Based on a Mantel test, we found that there was significant correlation
between genetic distance and geographic distance, indicating that
geographic distance is an important factor affecting the genetic
structure of P. villosa . Therefore, we inferred that genetic
structure might have been resulted mainly from geographic isolation
imposed by mountains (e.g., Yin Mountains; Helan Mountains) and large
deserts in northwestern China (e.g. Tengger Desert; Mu Us Sandy Land) as
well as range contraction and population fragmentation induced by
climatic oscillations (e.g., Gymnocarpos przewalskii Maxim.;Helianthemum songaricum Schrenk) (Liu, 1995; Su, Zhang, &
Sanderson, 2011; Ma, Zhang, & Sanderson, 2012; Meng, Gao, Huang, &
Zhang, 2014). In addition, founder effects and population bottlenecks
might have also contributed to the genetic structures of the species
(Birky, Fuerst, & Maruyama, 1989; Liu et al., 2015).
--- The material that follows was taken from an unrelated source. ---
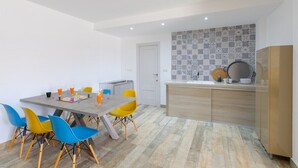 A modern kitchen with a tiled backsplash, a dining area with a table and chairs, and a door leading to another room. - Beautiful Bay Views by Fidalsa (Finestrat)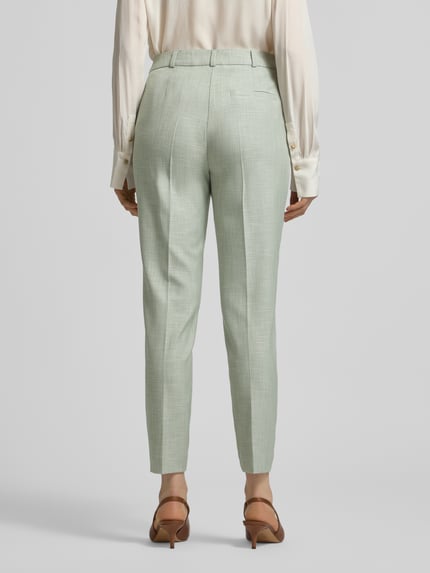 Frauenmodel trägt Slim Fit Stoffhose aus Viskose-Mix mit Bügelfalten von Comma, helle grüne Farbe, Gesäßtasche, Haken-Reißverschluss, Ganzkörperansicht Rückansicht.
4.3 Demographic historyofP. villosa
The
genetic diversity within the Group 1, identified according to SAMOVA,
was lower than that of the populations in Group 2 (Table 3). Based on
this, extant populations of this species originated from the genetic
stock of Group 2, as geographic areas with both high genetic diversity
and frequency of dominant genes usually represent centers of origins for
source populations (Vavilov, 1926). However, our study design and
results cannot discern the exact center of origin for the species nor
the main migrational patterns of P. villosa , and accomplishing
this will require additional molecular data and informatics approaches.
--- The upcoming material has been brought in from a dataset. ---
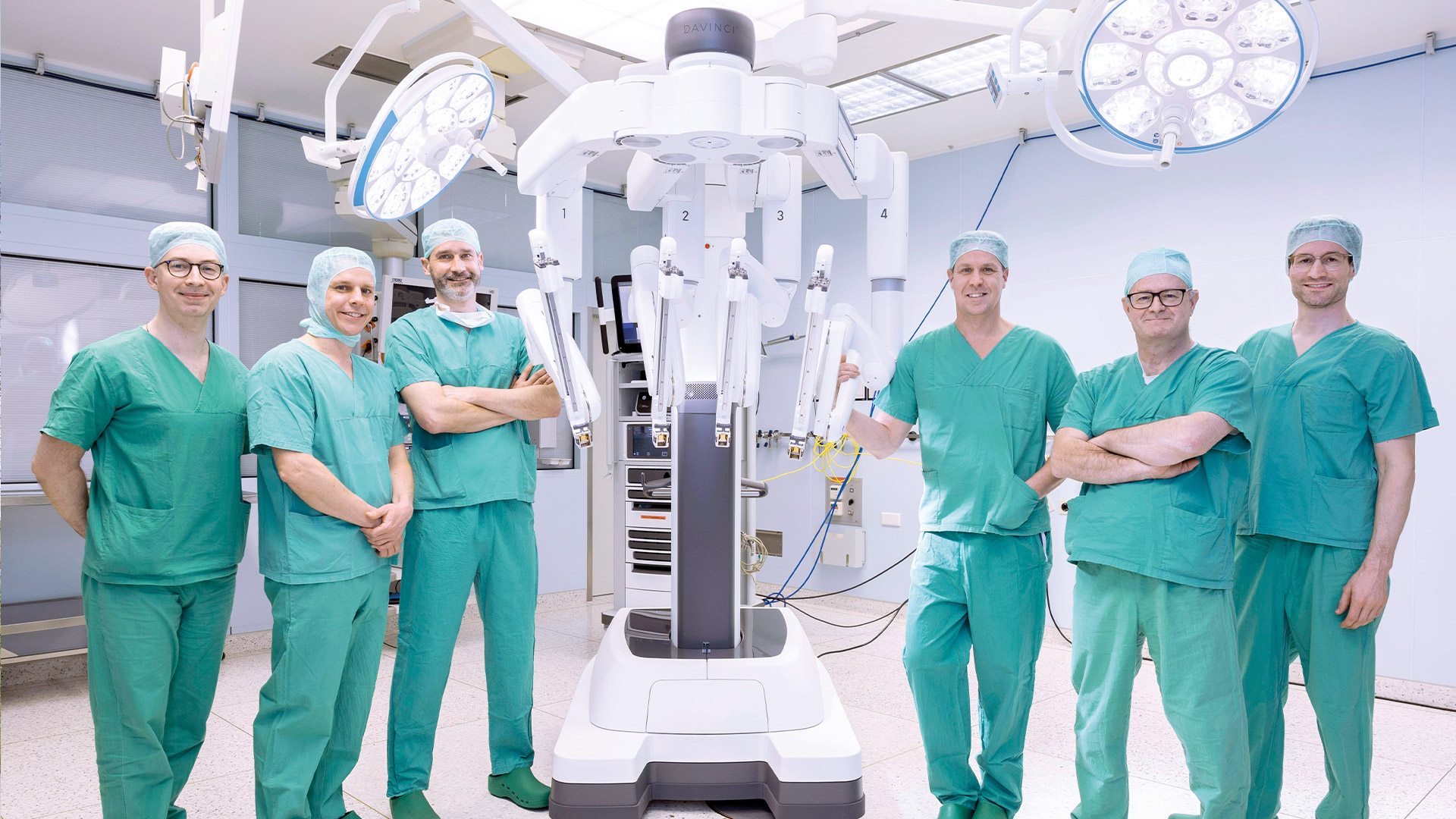 Ärzte stehen im OP-Saal um den neuen Da-Vinci-Roboter.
Climate oscillation during the Quaternary has often been hypothesized to
be an important factor in influencing the current geographical
distribution and demographic history of plant species (Hewitt, 2004; Su
& Zhang, 2013). One widely utilized approach to comparing past and
future distributions of plant species and determining the primary
environment factors driving them is via ENM (e.g., Nabout, Magalhães,
Ma, & Da, 2016; Bai et al., 2017; Huang et al., 2017; Noulèkoun, Chude,
Zenebe, & Birhane, 2017; Swanti, Kusum, Dhruval, & Rajkanti, 2018;
Wei, Wang, Hou, Wang, & Wu, 2018). Based on the neutral test, we found
that the species did not expand its range during the Quaternary.
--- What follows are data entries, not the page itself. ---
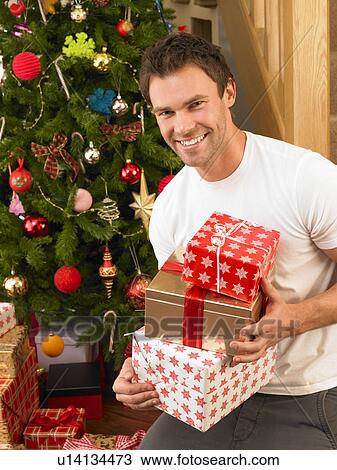 Stock Image - Young man holding gifts in front of Christmas tree. Fotosearch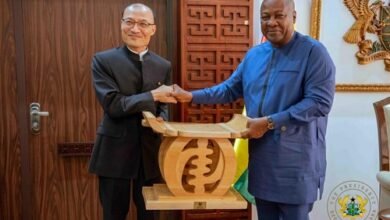 President Mahama presenting a gift to Mr Tong Defa,the outgoing Chinese Ambassador to Ghana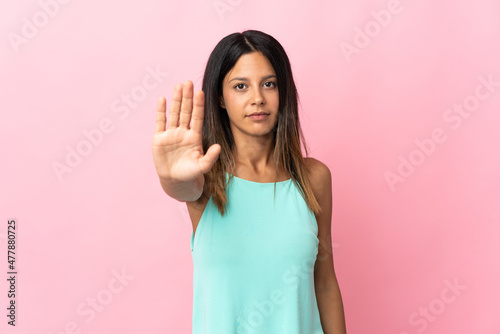 Caucasian girl isolated on pink background making stop gesture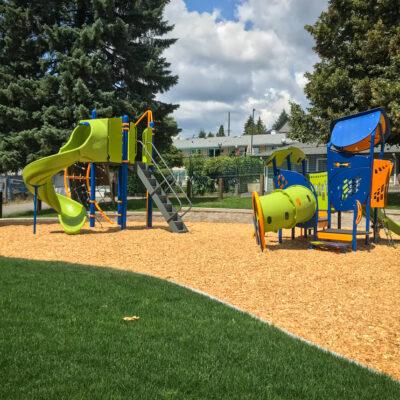 Orange, blue and green playground on engineered wood fibre (EWF) surfacing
Although these results were not statistically significant (Table 3), our
ENMs, in general, show that the range of P. villosa contracted
from the LGM to the present (Figure 6-7). Specifically, our models show
that the range of P. villosa was the most extensive during the
LIG period and included the northeast edge of the Qinghai-Tibet Plateau,
Tarim Basin, Tianshan Mountains, Inner Mongolia Plateau, and the western
regions of DaXinggan Ling. The range became limited to the Inner
Mongolia Plateau, Ordos Plateau, and the Yinshan-Helanshan area during
the LGM. The contraction of the range is likely the result of glaciation
and climatic shifts within the Tianshan Mountains and Tarim Basin, where
temperatures dropped significantly as glaciation developed on a large
scale in the Northern Hemisphere during the early-Middle Pleistocene
(Williams, Dunkerley, De, Dekker, Kershaw, & Stokes, 1993; Yi et al.,
2004; Shi, Cui, & Su, 2005; Lehmkuhl & Owen, 2005; Xu et al., 2010;
Meng, Gao, Huang, & Zhang, 2014). Nevertheless, it is surprising that
the species range did not rebound as temperatures grew warmer following
the LGM. This may be because of the onset of extreme aridity within the
region during the Quaternary period, as this is widely-known to have
played a significant role in determining the geographic distribution and
evolutionary history of many plant species (Meng & Zhang, 2011; Su,
Zhang, & Sanderson, 2011; Su & Zhang, 2013). For example, in a
previous study of Helianthemum songaricum (Cistaceae), which
occurs in Northern China and adjacent desert areas of central Asia (Yang
& Gilbert, 2007), the worsening of the dry climate restricted the
distribution range, and acceptable habitats for the species gradually
became reduced and isolated (Su, Zhang, & Sanderson, 2011). Besides, it
needs to explain that AFLP dataset used in this manuscript do not reveal
too many informative sites, so more markers should be selected to
discuss the evolutionary history of P. villosa in the future.